• _Record set_:

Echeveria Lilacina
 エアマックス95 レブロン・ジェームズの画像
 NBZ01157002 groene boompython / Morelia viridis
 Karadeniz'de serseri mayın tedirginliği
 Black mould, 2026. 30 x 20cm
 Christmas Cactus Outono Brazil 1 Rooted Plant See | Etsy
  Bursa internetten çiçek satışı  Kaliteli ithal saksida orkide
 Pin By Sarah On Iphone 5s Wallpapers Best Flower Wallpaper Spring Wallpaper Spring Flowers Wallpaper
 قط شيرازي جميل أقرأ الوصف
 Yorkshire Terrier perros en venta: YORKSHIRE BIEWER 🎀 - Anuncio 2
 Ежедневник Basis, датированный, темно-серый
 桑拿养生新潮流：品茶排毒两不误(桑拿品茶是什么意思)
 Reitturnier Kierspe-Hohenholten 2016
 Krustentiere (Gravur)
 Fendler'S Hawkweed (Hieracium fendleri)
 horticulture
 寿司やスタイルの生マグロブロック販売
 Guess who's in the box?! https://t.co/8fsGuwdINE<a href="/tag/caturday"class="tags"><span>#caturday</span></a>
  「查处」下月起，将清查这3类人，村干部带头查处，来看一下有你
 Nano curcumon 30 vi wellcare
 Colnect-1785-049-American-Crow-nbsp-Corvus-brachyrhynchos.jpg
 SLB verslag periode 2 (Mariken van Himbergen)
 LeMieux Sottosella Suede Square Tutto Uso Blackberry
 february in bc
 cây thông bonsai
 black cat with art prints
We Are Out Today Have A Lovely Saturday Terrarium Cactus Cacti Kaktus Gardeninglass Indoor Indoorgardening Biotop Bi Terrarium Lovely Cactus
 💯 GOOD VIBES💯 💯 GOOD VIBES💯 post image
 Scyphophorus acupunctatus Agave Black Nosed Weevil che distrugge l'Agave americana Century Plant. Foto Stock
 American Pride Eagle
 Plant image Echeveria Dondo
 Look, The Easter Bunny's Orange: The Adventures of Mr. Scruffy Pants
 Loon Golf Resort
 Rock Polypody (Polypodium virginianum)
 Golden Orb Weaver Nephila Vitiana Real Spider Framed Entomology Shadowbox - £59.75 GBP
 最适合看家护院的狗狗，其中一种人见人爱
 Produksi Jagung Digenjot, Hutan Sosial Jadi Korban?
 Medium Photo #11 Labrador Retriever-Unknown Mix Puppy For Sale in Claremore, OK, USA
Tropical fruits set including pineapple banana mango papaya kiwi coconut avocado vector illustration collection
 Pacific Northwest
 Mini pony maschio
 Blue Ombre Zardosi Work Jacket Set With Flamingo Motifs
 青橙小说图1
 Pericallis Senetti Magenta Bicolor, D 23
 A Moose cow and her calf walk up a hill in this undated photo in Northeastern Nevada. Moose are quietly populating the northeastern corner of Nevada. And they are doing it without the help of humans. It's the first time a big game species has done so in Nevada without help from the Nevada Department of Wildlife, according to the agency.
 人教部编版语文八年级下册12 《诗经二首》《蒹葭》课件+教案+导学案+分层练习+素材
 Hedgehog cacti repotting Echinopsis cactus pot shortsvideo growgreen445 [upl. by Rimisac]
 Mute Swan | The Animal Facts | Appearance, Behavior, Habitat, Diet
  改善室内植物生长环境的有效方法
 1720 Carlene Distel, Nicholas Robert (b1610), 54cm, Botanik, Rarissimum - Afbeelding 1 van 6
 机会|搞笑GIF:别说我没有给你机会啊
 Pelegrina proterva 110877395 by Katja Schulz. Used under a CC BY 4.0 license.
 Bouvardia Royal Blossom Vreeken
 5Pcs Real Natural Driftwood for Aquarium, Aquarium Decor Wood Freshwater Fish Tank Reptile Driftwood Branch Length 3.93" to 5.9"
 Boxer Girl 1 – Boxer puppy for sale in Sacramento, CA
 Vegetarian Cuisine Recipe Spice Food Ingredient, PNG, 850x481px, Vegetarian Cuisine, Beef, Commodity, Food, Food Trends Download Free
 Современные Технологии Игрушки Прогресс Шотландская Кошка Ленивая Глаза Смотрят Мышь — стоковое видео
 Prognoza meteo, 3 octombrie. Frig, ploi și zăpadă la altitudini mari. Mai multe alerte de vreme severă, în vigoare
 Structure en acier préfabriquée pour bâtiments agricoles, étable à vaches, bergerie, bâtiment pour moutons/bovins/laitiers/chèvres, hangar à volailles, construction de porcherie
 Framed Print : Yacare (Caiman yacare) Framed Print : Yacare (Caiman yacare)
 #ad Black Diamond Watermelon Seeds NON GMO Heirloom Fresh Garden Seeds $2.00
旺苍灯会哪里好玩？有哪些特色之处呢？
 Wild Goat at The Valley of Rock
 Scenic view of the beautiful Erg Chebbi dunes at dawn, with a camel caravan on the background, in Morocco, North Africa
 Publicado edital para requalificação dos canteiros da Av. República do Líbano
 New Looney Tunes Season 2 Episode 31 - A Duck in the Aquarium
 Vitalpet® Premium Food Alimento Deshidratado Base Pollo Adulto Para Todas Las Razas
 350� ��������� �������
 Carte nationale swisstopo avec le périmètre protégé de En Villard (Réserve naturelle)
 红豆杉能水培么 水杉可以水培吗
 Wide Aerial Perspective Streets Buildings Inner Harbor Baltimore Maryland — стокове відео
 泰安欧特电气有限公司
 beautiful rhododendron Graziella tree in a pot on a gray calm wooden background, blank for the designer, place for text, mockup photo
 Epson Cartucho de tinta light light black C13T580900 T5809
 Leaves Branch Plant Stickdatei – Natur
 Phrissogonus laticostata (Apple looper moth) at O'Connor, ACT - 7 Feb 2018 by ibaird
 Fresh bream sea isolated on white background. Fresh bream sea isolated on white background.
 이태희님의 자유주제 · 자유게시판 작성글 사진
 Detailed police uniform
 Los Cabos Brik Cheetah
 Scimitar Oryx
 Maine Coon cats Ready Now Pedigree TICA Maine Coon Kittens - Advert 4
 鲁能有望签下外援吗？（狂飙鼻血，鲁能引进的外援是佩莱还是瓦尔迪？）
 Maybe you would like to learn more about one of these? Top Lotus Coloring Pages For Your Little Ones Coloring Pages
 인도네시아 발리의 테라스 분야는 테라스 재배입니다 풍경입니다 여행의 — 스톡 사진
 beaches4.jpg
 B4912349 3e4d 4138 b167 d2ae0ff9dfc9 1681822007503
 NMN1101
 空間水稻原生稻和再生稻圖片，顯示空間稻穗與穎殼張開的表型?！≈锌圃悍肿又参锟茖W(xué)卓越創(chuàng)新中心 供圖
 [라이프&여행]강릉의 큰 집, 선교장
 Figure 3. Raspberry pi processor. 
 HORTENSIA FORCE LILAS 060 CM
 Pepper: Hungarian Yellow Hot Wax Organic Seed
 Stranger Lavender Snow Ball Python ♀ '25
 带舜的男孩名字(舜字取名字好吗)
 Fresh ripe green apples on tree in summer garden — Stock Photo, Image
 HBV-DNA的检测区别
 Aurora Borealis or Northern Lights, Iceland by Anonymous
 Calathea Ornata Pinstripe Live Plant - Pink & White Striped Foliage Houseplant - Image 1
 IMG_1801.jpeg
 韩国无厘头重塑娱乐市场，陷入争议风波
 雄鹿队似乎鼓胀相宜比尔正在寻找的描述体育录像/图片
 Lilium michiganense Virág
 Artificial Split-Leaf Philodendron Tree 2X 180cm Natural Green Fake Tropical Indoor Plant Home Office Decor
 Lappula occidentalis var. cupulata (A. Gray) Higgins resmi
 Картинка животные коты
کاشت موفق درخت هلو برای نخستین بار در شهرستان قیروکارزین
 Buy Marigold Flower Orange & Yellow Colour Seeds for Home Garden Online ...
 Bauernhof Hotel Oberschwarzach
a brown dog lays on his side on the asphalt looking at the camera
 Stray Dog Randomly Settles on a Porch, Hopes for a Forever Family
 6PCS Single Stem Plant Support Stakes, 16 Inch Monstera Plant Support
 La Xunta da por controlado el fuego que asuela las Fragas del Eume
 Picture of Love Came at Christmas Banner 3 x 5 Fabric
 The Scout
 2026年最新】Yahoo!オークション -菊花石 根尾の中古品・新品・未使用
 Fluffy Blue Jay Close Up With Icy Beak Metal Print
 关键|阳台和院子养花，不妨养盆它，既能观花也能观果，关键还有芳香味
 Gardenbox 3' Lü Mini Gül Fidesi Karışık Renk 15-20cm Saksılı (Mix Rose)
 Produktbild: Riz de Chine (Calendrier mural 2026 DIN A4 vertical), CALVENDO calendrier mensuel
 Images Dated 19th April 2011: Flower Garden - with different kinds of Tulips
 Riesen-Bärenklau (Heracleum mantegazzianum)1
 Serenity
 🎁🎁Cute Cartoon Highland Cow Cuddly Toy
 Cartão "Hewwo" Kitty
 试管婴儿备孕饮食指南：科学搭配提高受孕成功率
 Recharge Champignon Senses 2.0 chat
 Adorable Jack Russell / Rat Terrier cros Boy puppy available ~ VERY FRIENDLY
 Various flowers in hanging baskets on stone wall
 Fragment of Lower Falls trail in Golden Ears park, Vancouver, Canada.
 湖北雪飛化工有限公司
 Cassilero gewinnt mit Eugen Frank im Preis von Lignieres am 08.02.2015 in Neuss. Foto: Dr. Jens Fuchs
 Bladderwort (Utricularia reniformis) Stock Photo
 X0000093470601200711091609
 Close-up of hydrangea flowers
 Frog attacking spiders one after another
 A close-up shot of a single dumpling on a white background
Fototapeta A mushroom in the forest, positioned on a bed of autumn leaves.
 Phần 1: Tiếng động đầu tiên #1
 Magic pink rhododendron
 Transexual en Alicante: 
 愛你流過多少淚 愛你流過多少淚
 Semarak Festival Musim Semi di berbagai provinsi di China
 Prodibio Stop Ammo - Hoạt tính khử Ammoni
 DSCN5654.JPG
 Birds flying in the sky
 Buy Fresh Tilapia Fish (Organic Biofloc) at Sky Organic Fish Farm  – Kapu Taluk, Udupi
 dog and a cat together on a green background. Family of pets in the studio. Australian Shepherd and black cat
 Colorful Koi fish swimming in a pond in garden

• _Task to complete_:
Given the data above, transcribe exactly the lines from the one containing "Calathea Ornata Pinstripe" down to the one containing "Various flowers in", and no others.

• _Task answer_:
 Calathea Ornata Pinstripe Live Plant - Pink & White Striped Foliage Houseplant - Image 1
 IMG_1801.jpeg
 韩国无厘头重塑娱乐市场，陷入争议风波
 雄鹿队似乎鼓胀相宜比尔正在寻找的描述体育录像/图片
 Lilium michiganense Virág
 Artificial Split-Leaf Philodendron Tree 2X 180cm Natural Green Fake Tropical Indoor Plant Home Office Decor
 Lappula occidentalis var. cupulata (A. Gray) Higgins resmi
 Картинка животные коты
کاشت موفق درخت هلو برای نخستین بار در شهرستان قیروکارزین
 Buy Marigold Flower Orange & Yellow Colour Seeds for Home Garden Online ...
 Bauernhof Hotel Oberschwarzach
a brown dog lays on his side on the asphalt looking at the camera
 Stray Dog Randomly Settles on a Porch, Hopes for a Forever Family
 6PCS Single Stem Plant Support Stakes, 16 Inch Monstera Plant Support
 La Xunta da por controlado el fuego que asuela las Fragas del Eume
 Picture of Love Came at Christmas Banner 3 x 5 Fabric
 The Scout
 2026年最新】Yahoo!オークション -菊花石 根尾の中古品・新品・未使用
 Fluffy Blue Jay Close Up With Icy Beak Metal Print
 关键|阳台和院子养花，不妨养盆它，既能观花也能观果，关键还有芳香味
 Gardenbox 3' Lü Mini Gül Fidesi Karışık Renk 15-20cm Saksılı (Mix Rose)
 Produktbild: Riz de Chine (Calendrier mural 2026 DIN A4 vertical), CALVENDO calendrier mensuel
 Images Dated 19th April 2011: Flower Garden - with different kinds of Tulips
 Riesen-Bärenklau (Heracleum mantegazzianum)1
 Serenity
 🎁🎁Cute Cartoon Highland Cow Cuddly Toy
 Cartão "Hewwo" Kitty
 试管婴儿备孕饮食指南：科学搭配提高受孕成功率
 Recharge Champignon Senses 2.0 chat
 Adorable Jack Russell / Rat Terrier cros Boy puppy available ~ VERY FRIENDLY
 Various flowers in hanging baskets on stone wall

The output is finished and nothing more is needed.